El Niño conditions are declared when the average sea surface temperatures in the eastern Pacific are at least 0.5°C above average for three consecutive months. These abnormally elevated sea surface temperatures allow for the atmosphere to warm and provide instability, leading to the development of thunderstorm activity.
The warmer temperatures caused by an El Niño tend to alter the jet stream in the Northern Hemisphere, allowing a subtropical jet stream to form north of Hawaii and extend across parts of the western and southern United States. Increased thunderstorm activity over the eastern Pacific allows moisture to rise into the upper atmosphere and leak into this branch of the jet stream, creating the opportunity for beneficial rainfall across the affected areas next fall and winter, especially in California where they are experiencing exceptional drought conditions.

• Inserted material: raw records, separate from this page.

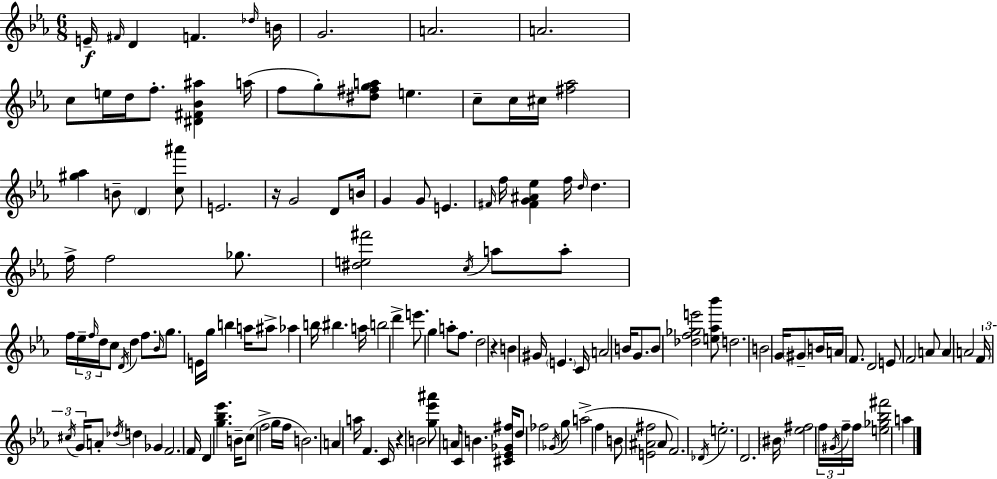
E4/s F#4/s D4/q F4/q. Db5/s B4/s G4/h. A4/h. A4/h. C5/e E5/s D5/s F5/e. [D#4,F#4,Bb4,A#5]/q A5/s F5/e G5/e [D#5,F#5,G5,A5]/e E5/q. C5/e C5/s C#5/s [F#5,Ab5]/h [G#5,Ab5]/q B4/e D4/q [C5,A#6]/e E4/h. R/s G4/h D4/e B4/s G4/q G4/e E4/q. F#4/s F5/s [F#4,G4,A#4,Eb5]/q F5/s D5/s D5/q. F5/s F5/h Gb5/e. [D#5,E5,F#6]/h C5/s A5/e A5/e F5/s Eb5/s F5/s D5/s C5/e D4/s D5/q F5/e. Bb4/s G5/e. E4/s G5/s B5/q A5/s A#5/e Ab5/q B5/s BIS5/q. A5/s B5/h D6/q E6/e. G5/q A5/e F5/e. D5/h R/q B4/q G#4/s E4/q. C4/s A4/h B4/s G4/e. B4/e [Db5,F5,Gb5,E6]/h [E5,Ab5,Bb6]/e D5/h. B4/h G4/s G#4/e B4/s A4/s F4/e. D4/h E4/e F4/h A4/e A4/q A4/h F4/s C#5/s G4/s A4/e Db5/s D5/q Gb4/q F4/h. F4/s D4/q [G5,Bb5,Eb6]/q. B4/s C5/e F5/h G5/s F5/s B4/h. A4/q A5/s F4/q. C4/s R/q B4/h [G5,Eb6,A#6]/e A4/e C4/s B4/q. [C#4,Eb4,Gb4,F#5]/s D5/e FES5/h Gb4/s G5/e A5/h F5/q B4/e [E4,A#4,F#5]/h A#4/e F4/h. Db4/s E5/h. D4/h. BIS4/s [Eb5,F#5]/h F5/s G#4/s F5/s F5/s [E5,Gb5,Bb5,F#6]/h A5/q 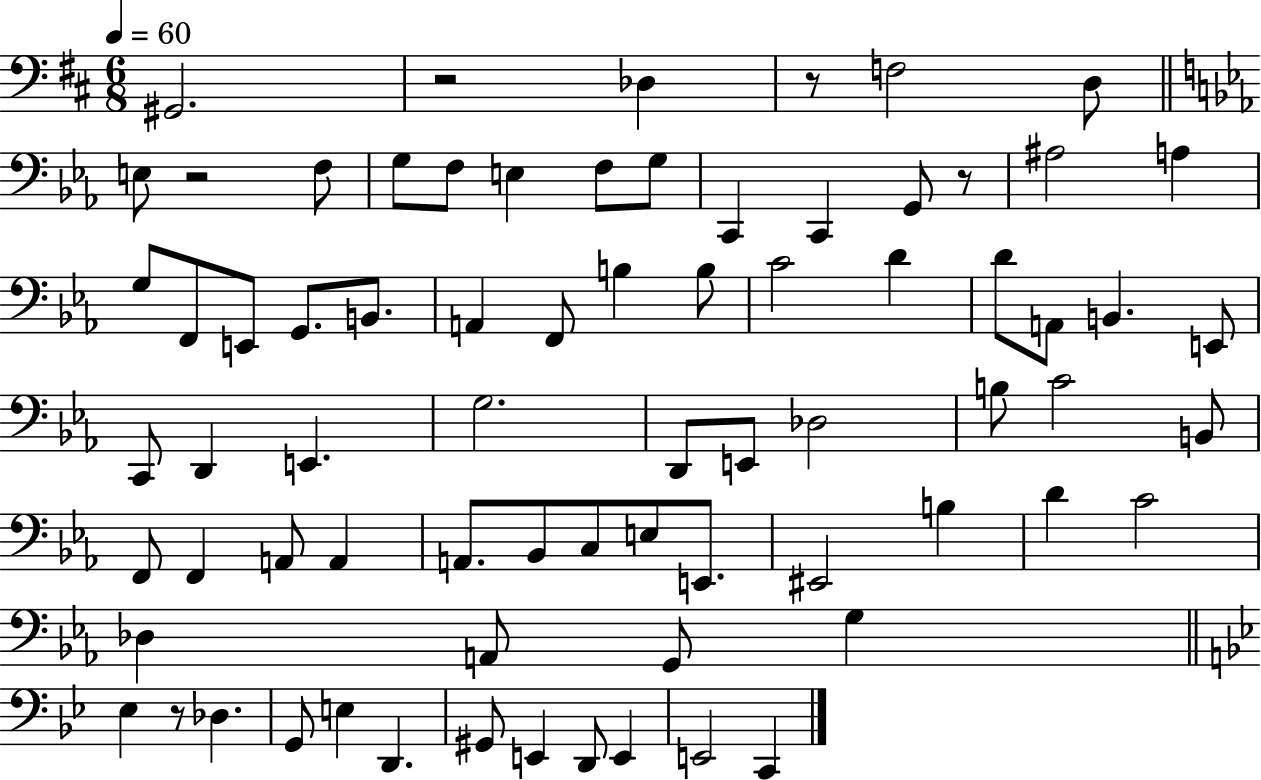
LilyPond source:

{
  \clef bass
  \numericTimeSignature
  \time 6/8
  \key d \major
  \tempo 4 = 60
  gis,2. | r2 des4 | r8 f2 d8 | \bar "||" \break \key ees \major e8 r2 f8 | g8 f8 e4 f8 g8 | c,4 c,4 g,8 r8 | ais2 a4 | \break g8 f,8 e,8 g,8. b,8. | a,4 f,8 b4 b8 | c'2 d'4 | d'8 a,8 b,4. e,8 | \break c,8 d,4 e,4. | g2. | d,8 e,8 des2 | b8 c'2 b,8 | \break f,8 f,4 a,8 a,4 | a,8. bes,8 c8 e8 e,8. | eis,2 b4 | d'4 c'2 | \break des4 a,8 g,8 g4 | \bar "||" \break \key g \minor ees4 r8 des4. | g,8 e4 d,4. | gis,8 e,4 d,8 e,4 | e,2 c,4 | \break \bar "|."
}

During the summer, El Niño conditions tend to inhibit tropical activity in the Atlantic basin. Upper-level outflow from thunderstorms in the eastern Pacific vents out over the western Atlantic Ocean during the summer months, creating strong wind shear that kills tropical cyclones before they have a chance to form. The 1997 Atlantic hurricane season occurred during the strongest El Niño ever recorded – as a result, it only saw 8 named storms and 3 hurricanes.
The effects of El Niño on East Coast weather in fall and winter are complex and depend on its strength. Strong El Niños tend to flood the East with mild, wet weather and, in winter, little snowfall. Weak to moderate El Niños tend to be more favorable for snow.
“Interestingly, the median snowfall for the 14 El Niño events recorded since 1950 is 21 inches, or about 6 inches more than the climatological season average of 15.4 inches at [Washington, D.C.’s] Reagan National [Airport],” wrote Capital Weather Gang’s Rick Grow in an analysis last year. The last El Niño event in 2009-2010 coincided with Washington, D.C.’s snowiest winter on record. But, in the super strong El Niño event in 1997-1998, only 0.1″ of snow fell – tying for D.C.’s least snowy winter on record.
Despite the predictions and the issuance of an El Niño Watch, NOAA cautions that there is still “considerable uncertainty” in the models as to whether or not an El Niño will actually develop. Discerning weather observers will remember that the last predicted El Niño in 2012 turned out to be a bust.
All in all, NOAA’s current forecast indicates that there is a 50/50 chance for an El Niño to form later this year, and as with any long-range forecast, significant uncertainties exist that warrant careful caution and observation.